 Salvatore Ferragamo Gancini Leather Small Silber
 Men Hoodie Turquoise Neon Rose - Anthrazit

━━━━━━━━━━━━━━━━

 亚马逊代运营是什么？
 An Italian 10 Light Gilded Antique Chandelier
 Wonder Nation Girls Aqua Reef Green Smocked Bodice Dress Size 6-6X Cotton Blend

━━━━━━━━━━━━━━━━

**Activity:**
Starting at the line above that contains "Salvatore Ferragamo Gancini", repeat each line exactly up to and including the line that contains "Men Hoodie Turquoise Neon Rose - Anthrazit", and stop there.

**Expected answer:**
 Salvatore Ferragamo Gancini Leather Small Silber
 Men Hoodie Turquoise Neon Rose - Anthrazit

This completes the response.